Encore le sentiment d'Épicure mérite-t-il d'être
discuté; mais celui de Chrysippe est de tous points insoutenable.
Aussi l'habile Stoïcien emploie tous ses efforts à démontrer
qu'il n'est point de proposition qui ne soit ou vraie ou fausse.
D'un côté, Épicure appréhende qu'en accordant
ce principe, il ne lui faille accorder aussi que tout arrive fatalement,
car il lui semble que si l'une des deux alternatives est vraie de
toute éternité, elle est par conséquent certaine;
certaine, elle est nécessaire, et voilà le Destin
reconnu. D'autre part, Chrysippe se trouve fort empêché,
si l'on ne convient que toute proposition est ou vraie ou fausse,
à démontrer que la fatalité règle tout,
et que les événements futurs sont de toute éternité
déterminés dans leurs causes. Mais Épicure
croit échapper à la fatalité par la déclinaison
de ses atomes. Voilà un troisième mouvement : à
ceux que produisent la pesanteur et le choc, il faut ajouter cette
déclinaison infiniment petite, g-elakiston, dit Épicure.
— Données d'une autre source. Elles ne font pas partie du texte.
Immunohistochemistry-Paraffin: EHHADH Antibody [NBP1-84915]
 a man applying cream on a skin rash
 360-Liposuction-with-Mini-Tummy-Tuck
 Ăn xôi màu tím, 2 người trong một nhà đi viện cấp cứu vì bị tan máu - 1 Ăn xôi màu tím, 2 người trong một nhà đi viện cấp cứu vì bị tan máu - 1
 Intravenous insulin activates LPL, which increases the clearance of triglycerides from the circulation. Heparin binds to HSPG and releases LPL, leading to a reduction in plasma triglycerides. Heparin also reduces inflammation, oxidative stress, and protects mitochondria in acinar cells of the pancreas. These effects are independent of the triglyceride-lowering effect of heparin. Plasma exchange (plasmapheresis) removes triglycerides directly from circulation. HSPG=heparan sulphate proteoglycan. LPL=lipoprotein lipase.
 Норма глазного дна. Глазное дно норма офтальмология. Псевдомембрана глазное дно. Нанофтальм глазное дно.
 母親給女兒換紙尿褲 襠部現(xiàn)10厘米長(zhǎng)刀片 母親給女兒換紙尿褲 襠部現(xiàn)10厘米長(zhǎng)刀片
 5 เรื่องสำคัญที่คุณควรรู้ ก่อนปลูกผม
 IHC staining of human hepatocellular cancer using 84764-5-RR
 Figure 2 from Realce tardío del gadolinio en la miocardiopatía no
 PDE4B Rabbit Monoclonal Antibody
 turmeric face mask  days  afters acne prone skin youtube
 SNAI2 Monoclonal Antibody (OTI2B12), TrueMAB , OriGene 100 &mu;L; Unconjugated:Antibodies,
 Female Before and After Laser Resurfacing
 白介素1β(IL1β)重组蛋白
Mais voilà un mouvement sans cause; si Épicure ne
le déclare pas expressément, au fond il est forcé
d'en convenir. Car si un atome vient à dévier, ce
n'est pas qu'il ait été poussé par un autre
: comment deux atomes pourraient-ils s'entrechoquer, puisque, d'après
Épicure lui-même, ils sont tous emportés par
la pesanteur, suivant une ligne droite et perpendiculaire? Non seulement
ils ne s'entrechoquent point, mais ils ne se touchent même
jamais. Donc bien certainement admettre les atomes et leur déclinaison,
c'est admettre un mouvement sans cause. Épicure a imaginé
cette déclinaison, parce qu'il craignait que si la pesanteur
emportait seule les atomes d'un mouvement naturel et nécessaire,
il n'y eût aucune action libre, l'âme étant contrainte
de suivre toujours l'impulsion originelle des atomes. Aussi Démocrite,
l'inventeur des atomes, a-t-il mieux aimé soumettre toutes
choses à la fatalité, que de soustraire ses corpuscules
à leurs mouvements naturels.
XI L'esprit ingénieux de Carnéade apprit aux Épicuriens
comment ils pouvaient défendre leur sentiment sans recourir
à cette déclinaison chimérique. Il attribue
à l'âme le pouvoir de produire certains mouvements
volontaires, qui sont incontestablement plus raisonnables que la
déclinaison épicurienne, dont on ne peut, après
tout, alléguer aucune cause. Avec la thèse de Carnéade,
il est facile de répondre à Chrysippe. On lui accorde,
qu'il n'est aucun mouvement sans cause; mais on nie que tout ce
qui arrive doive s'expliquer par des causes efficientes et antécédentes
à la fois, car il ne faut point chercher les causes de la
volonté en dehors d'elle. C'est par un abus de langage que
nous disons qu'un homme veut ou ne veut pas, sans cause; quand nous
parlons ainsi, ce sont les causes externes et antécédentes
que nous entendons exclure, et non toute espèce de cause.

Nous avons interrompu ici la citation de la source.